WU receives $4.2 million grant to research rare genetic mutation associated with Alzheimer’s disease
Washington University’s Dominantly Inherited Alzheimer Network (DIAN) received a $4.2 million grant to research Alzheimer’s disease prevention in people who are prone to the disease due to genetic mutation.
The Alzheimer’s Association awarded the grant to the DIAN’s Therapeutic Trials Unit in late March.
The funding will help scientists achieve a better understanding of the progression of Alzheimer’s disease in order to develop effective prevention and treatment programs.

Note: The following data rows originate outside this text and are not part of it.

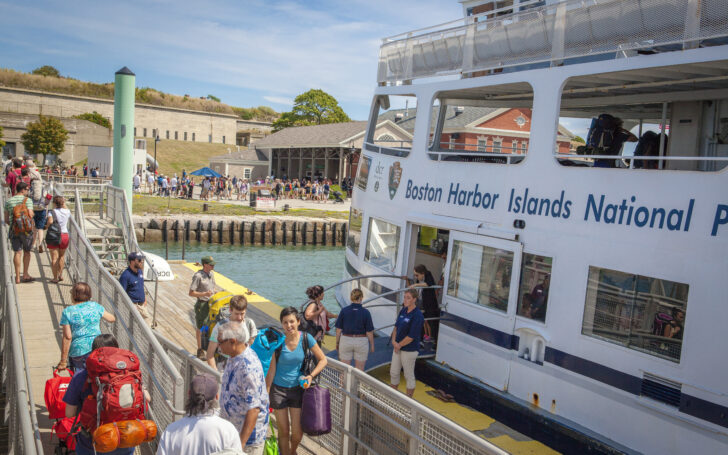 Visitors arriving at Georges Island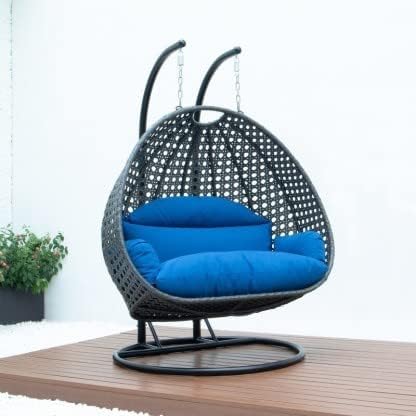 Image of OMANSH Double Seater Swing Chair with Stand & Cushion & Hook Outdoor || Indoor || Balcony || Garden || Living Room (Grey-Blue)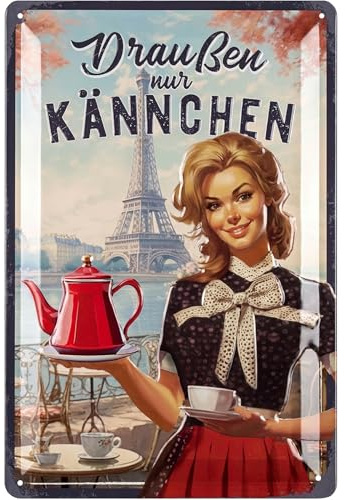 LANOLU Blechschild Retro - Draußen nur Kännchen Schild - Kaffee Schild, Metallschild Garten, Blechschild Garten für Terrasse und Kaffee-Liebhaber, Shabby Chic Vintage, 20x30cm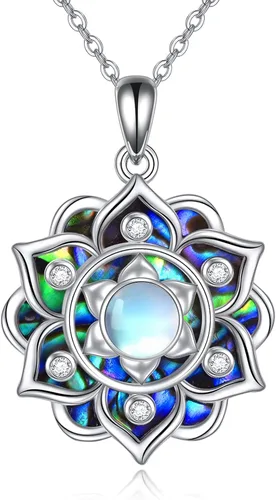 Vista 8 de ONEFINITY Collar de loto de plata de ley 925 con colgante de piedra lunar para yoga, joyería de loto para mujer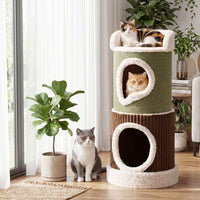 Barrel-Shaped Cat House with Top Perch and Double Condos Comfy Mats
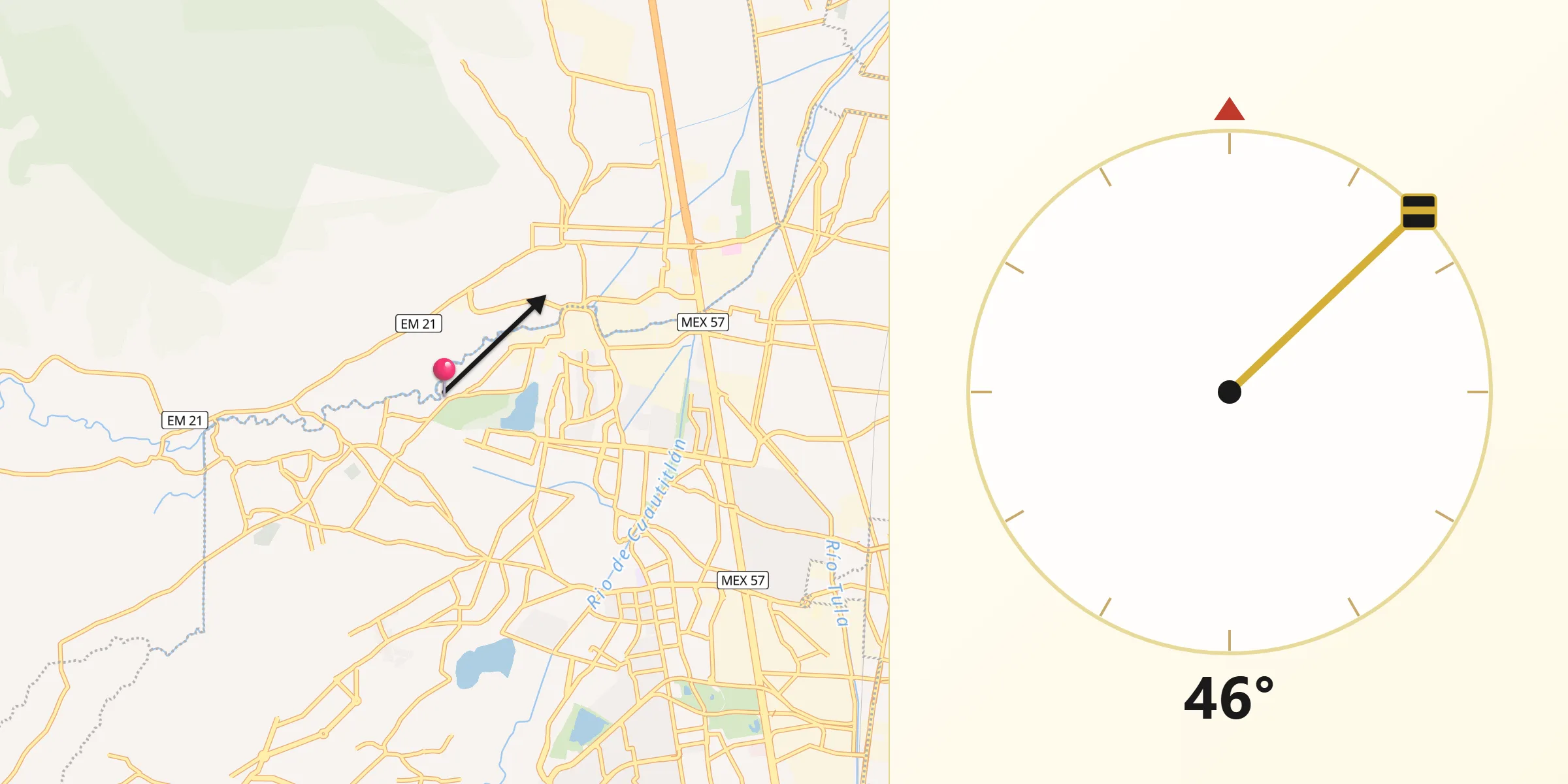 Dirección de la Qibla desde Axotlán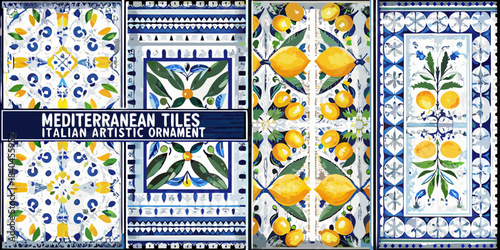 Detailed mediterranean tiles with citrus fruits and floral patterns in blue and yellow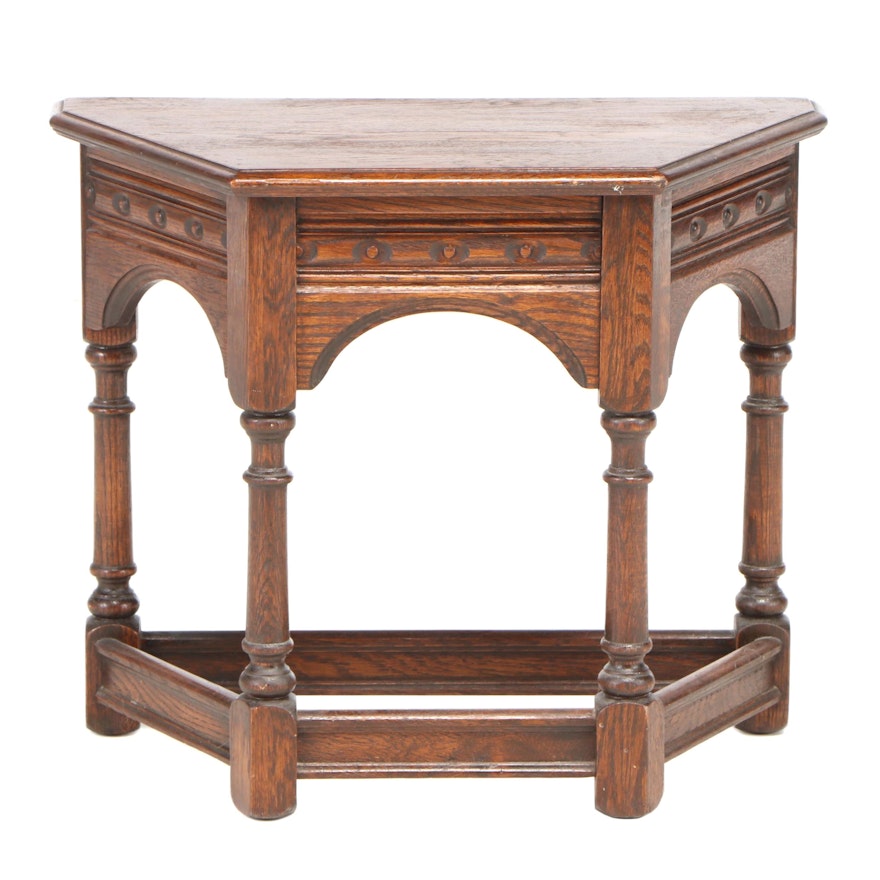 English Tudor Style Oak Occasional Table, Mid to Late 20th Century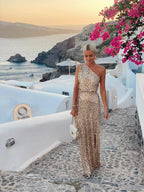 Women's Sparkly Evening Dress – Side Slit Dress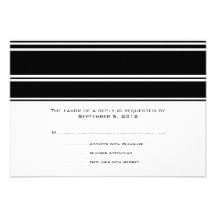 Black and White Stripes Wedding RSVP Personalized Invites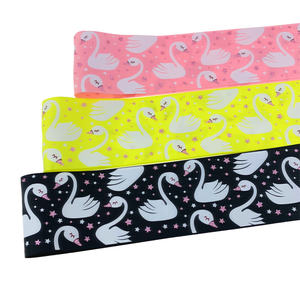 Rubans en gros-grain colorés imprimés motif cygne pour accessoires capillaires, décorations de fête et projets DIY - Product Image 1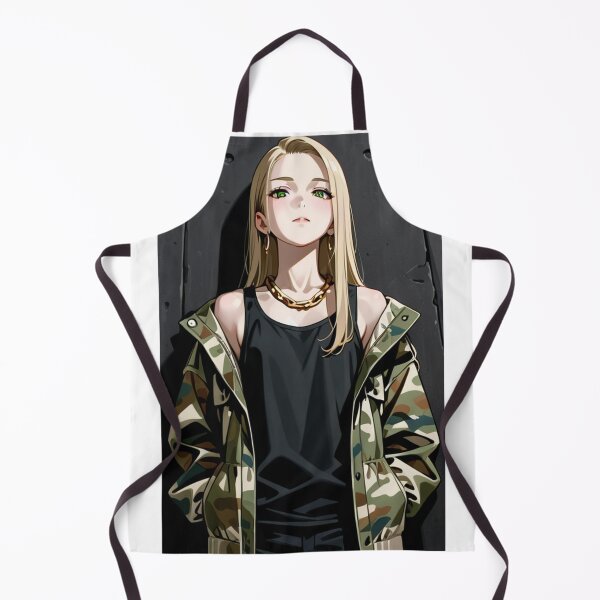 Item preview, Fashion - Woman in Camouflage Camo Jacket Tank Top Gold Chain Anime Variant 4 designed and sold by AnimeShin.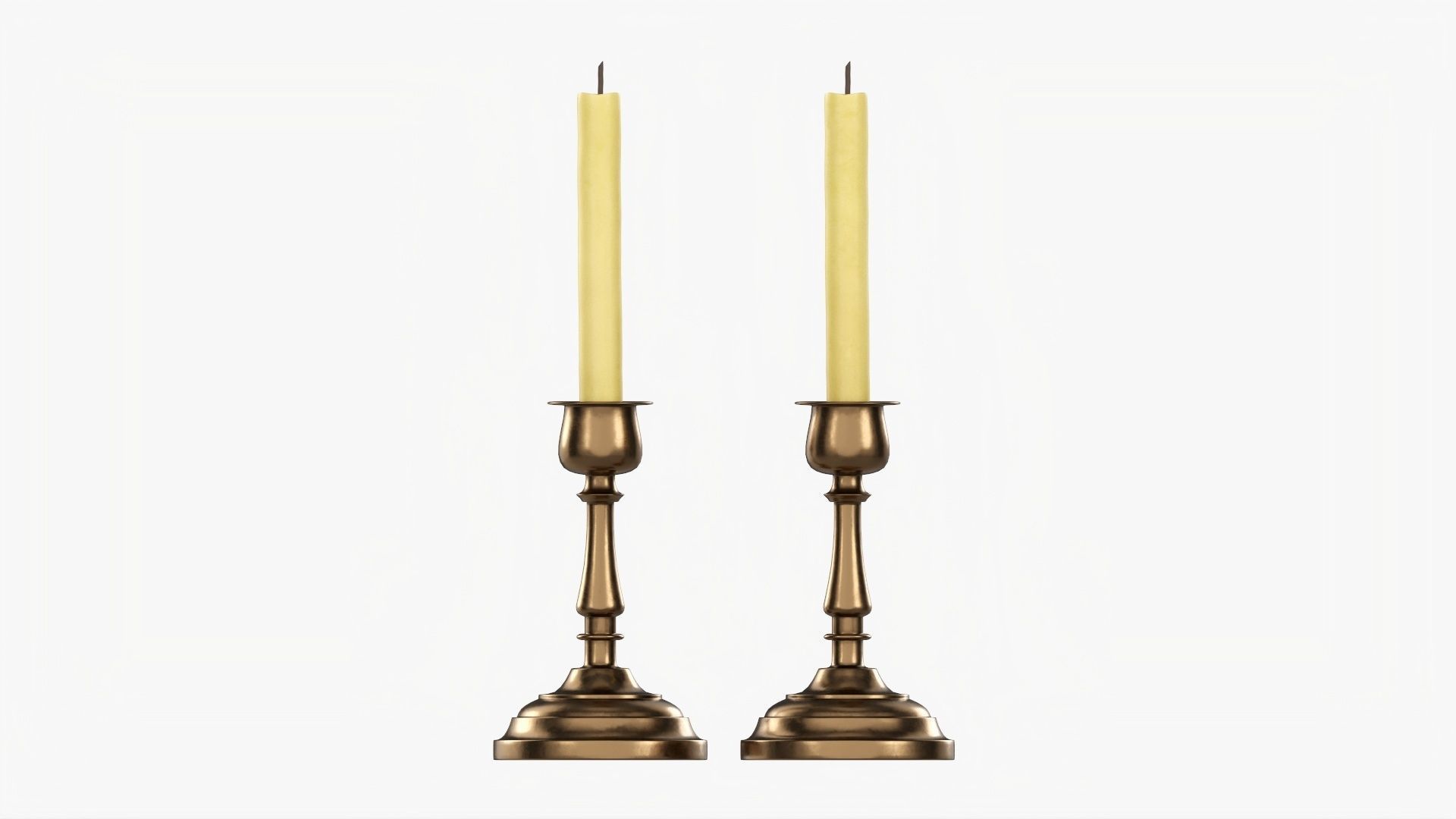 Candlestick with candles pair 3D model_3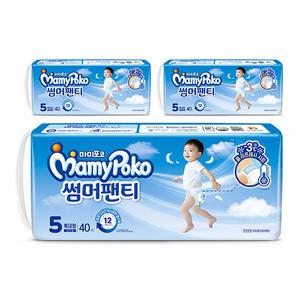 마미포코 썸머팬티 팬티형 기저귀 남아 5단계 특대형 120매(40매, 3입), 1개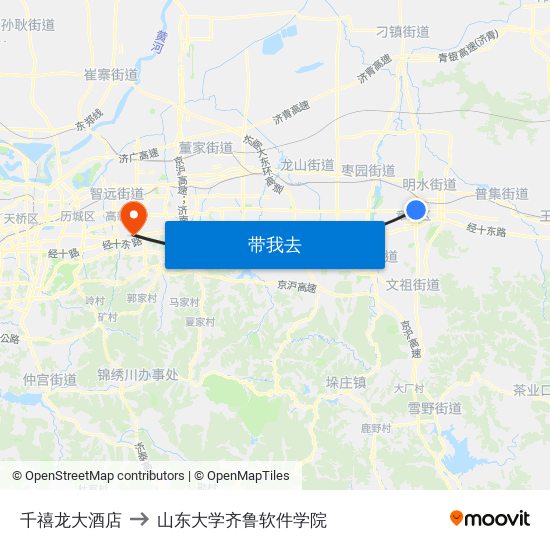 千禧龙大酒店 to 山东大学齐鲁软件学院 map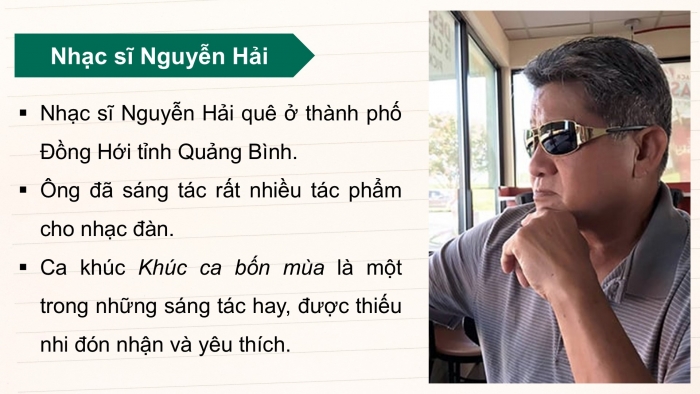 Giáo án điện tử Âm nhạc 5 kết nối Tiết 33: Nghe nhạc Khúc ca bốn mùa, Tổ chức hoạt động Vận dụng – Sáng tạo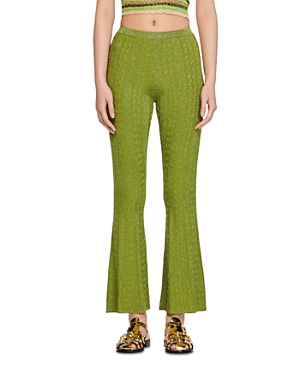 SANDRO METALLIC CABLE KNIT FLARED PANTS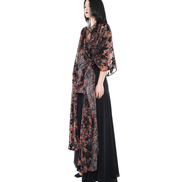 Dark Floral Sheer Organza Kimono Wrap Top / 5042309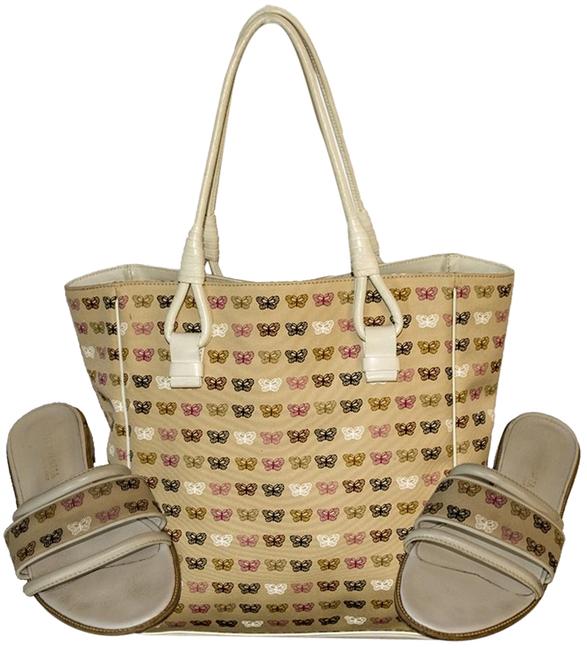 Bottega Veneta Ivory BeigePinkBlack CanvasLeather Tote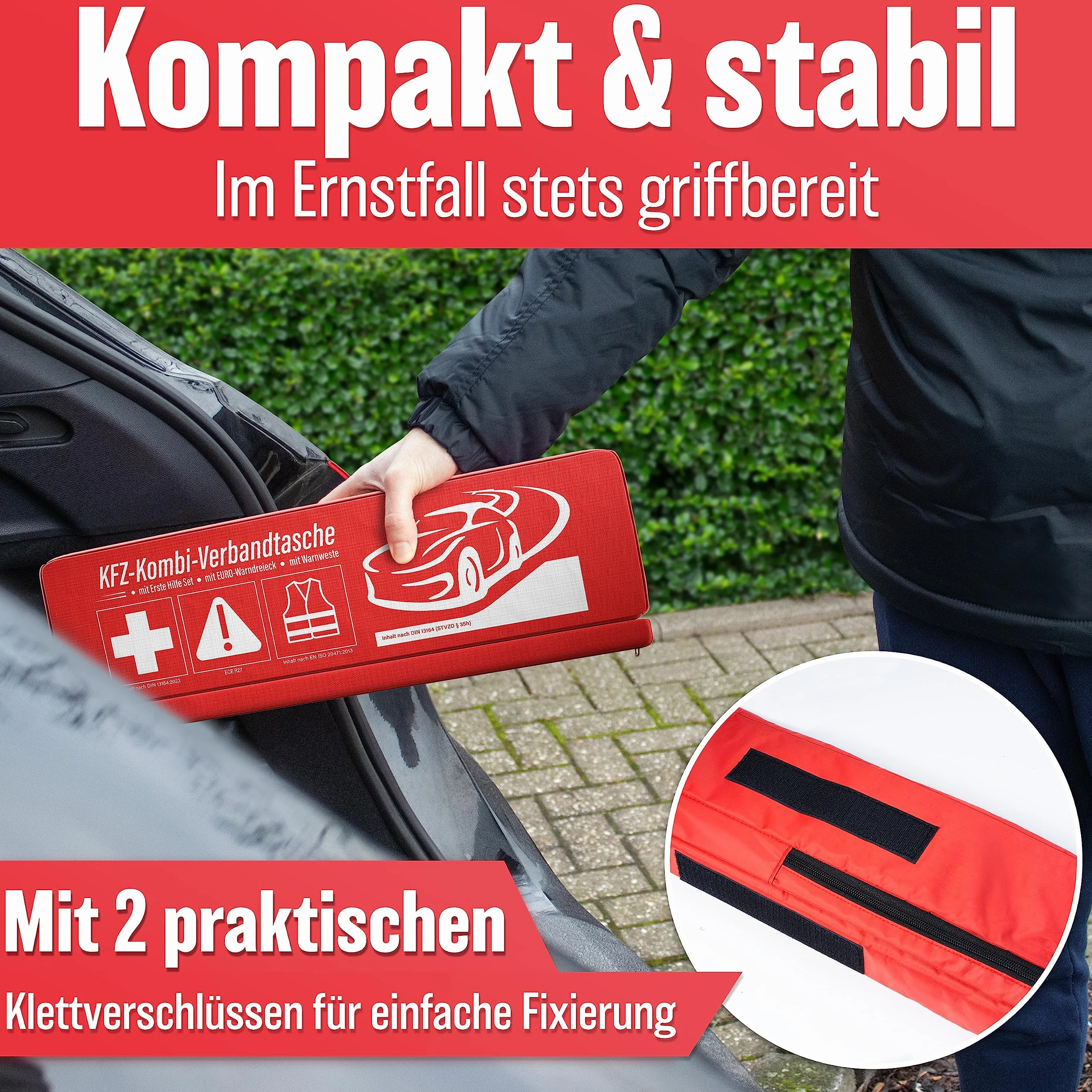 HELDENWERK Zestaw pierwszej pomocy kombi (3 w 1) zgodnie z aktualną normą 2026 – W zestawie trójkąt ostrzegawczy, kamizelka odblaskowa – Zestaw pierwszej pomocy, trójkąt ostrzegawczy, apteczka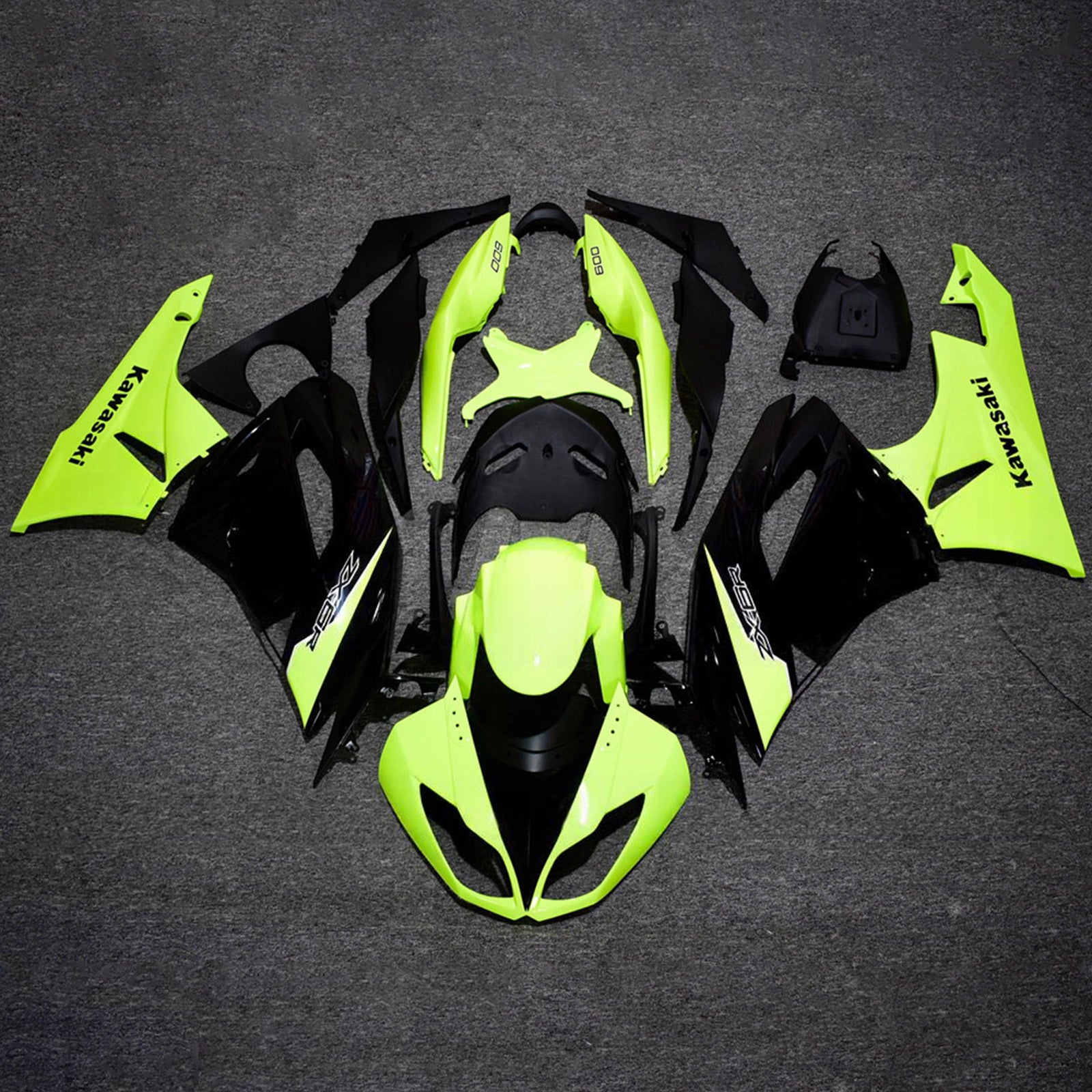 Amotopart 2009-2012 Kawasaki ZX6R 636 Fluorescence Green & Black Fairing Kit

It will also allow them to accelerate current research into drug and biomarker design for hereditary and premature cases of the disease.
The grant will allow researchers to establish an infrastructure for pilot trials of drug therapies for dominantly inherited Alzheimer’s disease. Preclinical studies of potential treatments are expected to have higher success rates and more similar trials will be launched in the near future. Part of the grant will also be allocated to the expansion of a global registry of DIAN members.
DIAN researchers expect the first biomarker studies to be completed within 12 to 18 months of when they begin conducting trials. According to DIAN researchers, the Food and Drug Administration and the European Medicines Agency have already expressed support for the prevention trials.
“We hypothesize that this process begins decades before symptom onset and thus represents a preclinical stage of the illness, which could be ideal for evaluating therapies that may act to prevent dementia caused by Alzheimer’s disease,” Dr. John C. Morris, principal investigator and program director of DIAN, said.
DIAN is the largest global network researching dominantly inherited Alzheimer’s disease. It was founded in 2008 with a multiple-year research grant from the National Institute on Aging. Approximately 40 faculty and staff members and more than 50 research volunteers are involved in DIAN studies at Washington University. Partners include Columbia University, the University of Melbourne and University College London.
Other institutions on the DIAN Steering Committee include the FDA, the Alzheimer’s Disease Neuroimaging Initiative and the Alzheimer’s Disease Cooperative Study.
Past DIAN clinical studies have allowed greater insight into the detection of signs of the onset of dominantly inherited Alzheimer’s disease, a rare hereditary genetic mutation that makes up less than 1 percent of all cases.
Individuals with this mutation typically begin experiencing symptoms in middle age, but DIAN researchers revealed at the Alzheimer’s Association International Conference 2011 that measurable changes in brain chemistry may be detected as early as 20 years before initial onsets of memory and thinking impairments.
Such findings contribute significantly to the early prevention and treatment of Alzheimer’s disease.